Mechanism study on the effects of power modulation on energy coupling efficiency in infrared laser welding of highly-reflective materials

Abstract

High-reflectivity of materials, such as magnesium, copper and aluminum, results in low thermal efficiency of their infrared laser welding processes. AZ31 magnesium alloy was selected to study the effects of power modulation on energy coupling efficiency in laser welding of highly-reflective materials. A model for the relationship between energy coupling efficiency and modulation parameters was obtained. The energy coupling efficiency in optimized modulated-power laser welding was about 1.58 times that in constant-power welding. The mechanism was explored by analyzing keyhole evolution and the resulted pressure distribution along keyhole wall during welding.
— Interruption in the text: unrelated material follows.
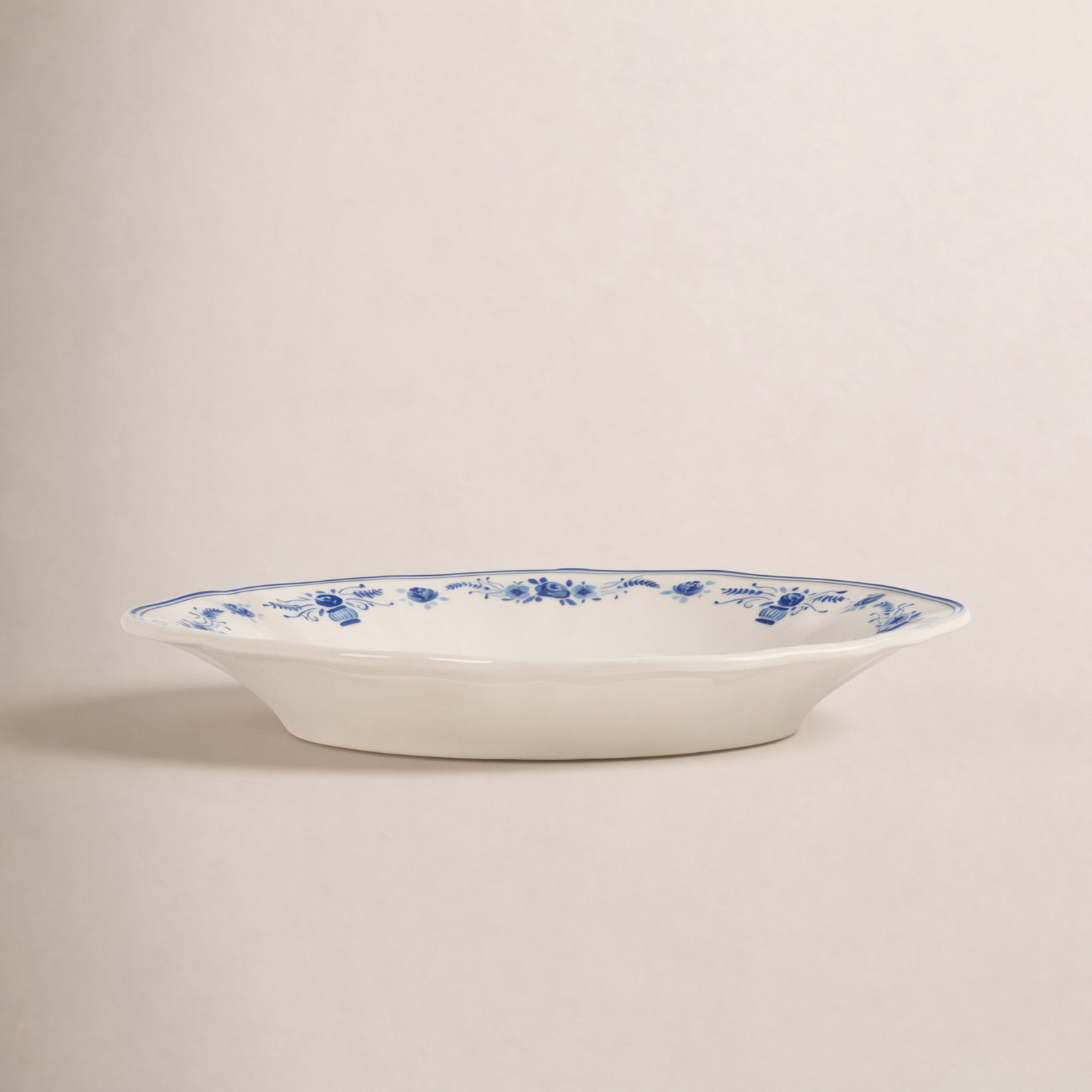 Vila Stoneware Pasta Bowl, Beige/Blue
The keyhole evolutions in laser continuous welding of common material (Q345 steel, reflectivity of 65%) and highly-reflective material (AZ31, reflectivity of 85%) were observed through high-speed imaging by utilizing a half sandwich method. The results indicated that the secret of improving energy coupling efficiency of laser welding process of highly-reflective materials through power modulation was the formation of a deep keyhole and its long life. When instantaneous power decreased from the peak, there was still enough recoil pressure at the bottom of keyhole to resist surface tension and hydrostatic pressure of liquid metal, which was the fundamental reason for the long time existence of keyhole with a large depth.